Выборы по умолчанию:
- **Датасет**: `go_emotions` (58k примеров, 28 меток включая `neutral`) для английского и `seara/ru_go_emotions` для русского.
- **Модель**: `xlm-roberta-base` (многоязычная, хорошо переносится на русский).
- **Задача**: multi-label (одновременно несколько эмоций).


In [2]:
! pip install torch transformers>=4.41.0 datasets>=2.19.0 evaluate>=0.4.2 accelerate>=0.33.0 scikit-learn>=1.3.0 onnx>=1.15.0 onnxruntime>=1.17.0
# Setup
import os, sys, subprocess, json, math
from dataclasses import dataclass
import torch
from transformers import AutoTokenizer, AutoModelForSequenceClassification, DataCollatorWithPadding, TrainingArguments, Trainer, set_seed
from datasets import load_dataset
import numpy as np
from sklearn.metrics import f1_score, roc_auc_score, precision_recall_curve
from transformers.onnx import export
from transformers.onnx.features import FeaturesManager
from pathlib import Path
import onnxruntime as ort
import matplotlib.pyplot as plt

reqs = [
    'torch', 'transformers>=4.41.0', 'datasets>=2.19.0', 'evaluate>=0.4.2',
    'accelerate>=0.33.0', 'scikit-learn>=1.3.0', 'onnx>=1.15.0', 'onnxruntime>=1.17.0'
]

def pip_install(pkgs):
    subprocess.check_call([sys.executable, '-m', 'pip', 'install', '-q'] + pkgs)

try:
    import transformers, datasets, evaluate, sklearn, onnxruntime
except Exception:
    pip_install(reqs)
    import transformers, datasets, evaluate, sklearn, onnxruntime

print('Transformers:', transformers.__version__)
print('Datasets:', datasets.__version__)

@dataclass
class Config:
    model_name: str = 'xlm-roberta-base'
    out_dir: str = 'outputs/emotion_xlmr'
    max_length: int = 128
    train_bs: int = 32
    eval_bs: int = 32
    lr: float = 2e-5
    wd: float = 0.01
    warmup_ratio: float = 0.06
    epochs_en: int = 3
    epochs_ru: int = 2
    seed: int = 42
    fp16: bool = True

CFG = Config()
os.makedirs(CFG.out_dir, exist_ok=True)
print(CFG)


Transformers: 4.55.2
Datasets: 4.0.0
Config(model_name='xlm-roberta-base', out_dir='outputs/emotion_xlmr', max_length=128, train_bs=32, eval_bs=32, lr=2e-05, wd=0.01, warmup_ratio=0.06, epochs_en=3, epochs_ru=2, seed=42, fp16=True)


In [22]:
from sklearn.model_selection import train_test_split
from datasets import DatasetDict, load_dataset
if not hasattr(CFG, 'max_len'):
  CFG.max_len = 128
# Load EN GoEmotions (raw, multilabel)
en_ds = load_dataset('go_emotions', 'raw')

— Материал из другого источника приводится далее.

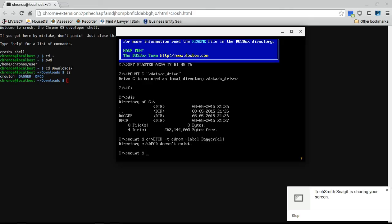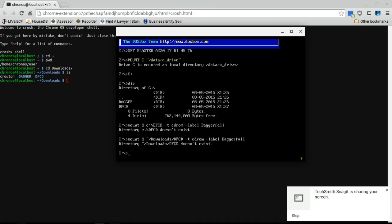Mount d, home, downloads, dfcd as type CD-ROM and label it Daggerfall. Does not exist. What the fuck is going on here?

# Split the dataset into train, validation, and test sets
train_test_split = en_ds['train'].train_test_split(test_size=0.2, seed=CFG.seed)
test_valid_split = train_test_split['test'].train_test_split(test_size=0.5, seed=CFG.seed)

en_ds = DatasetDict({
    'train': train_test_split['train'],
    'validation': test_valid_split['train'],
    'test': test_valid_split['test']
})

# Define non-emotion columns (metadata)
non_emotion_cols = [
    'text', 'id', 'author', 'subreddit', 'link_id', 'parent_id',
    'created_utc', 'rater_id', 'example_very_unclear'
]

# Get emotion label names
label_names = [col for col in en_ds['train'].column_names if col not in non_emotion_cols]
num_labels = len(label_names)

# Save label names
with open(os.path.join(CFG.out_dir, 'label_names.json'), 'w') as f:
    json.dump(label_names, f, ensure_ascii=False, indent=2)

# Convert binary columns to list of label indices
def extract_labels(example):
    return {
        'labels': [idx for idx, col in enumerate(label_names) if example[col] == 1]
    }

# Apply to all splits
en_ds = en_ds.map(extract_labels, batched=False)

# Remove original binary columns
en_ds = en_ds.remove_columns(label_names)

# Preprocess function for tokenization
def preprocess_function(examples):
    tokenized = tokenizer(
        examples['text'],
        truncation=True,
        padding='max_length',
        max_length=CFG.max_len
    )
    tokenized['labels'] = examples['labels']
    return tokenized

# Tokenize all splits
en_proc = en_ds.map(preprocess_function, batched=True, remove_columns=en_ds['train'].column_names)

print('EN splits:', en_proc)
print('Labels:', label_names)


Map:   0%|          | 0/168980 [00:00<?, ? examples/s]

Map:   0%|          | 0/21122 [00:00<?, ? examples/s]

Map:   0%|          | 0/21123 [00:00<?, ? examples/s]

Map:   0%|          | 0/168980 [00:00<?, ? examples/s]

Map:   0%|          | 0/21122 [00:00<?, ? examples/s]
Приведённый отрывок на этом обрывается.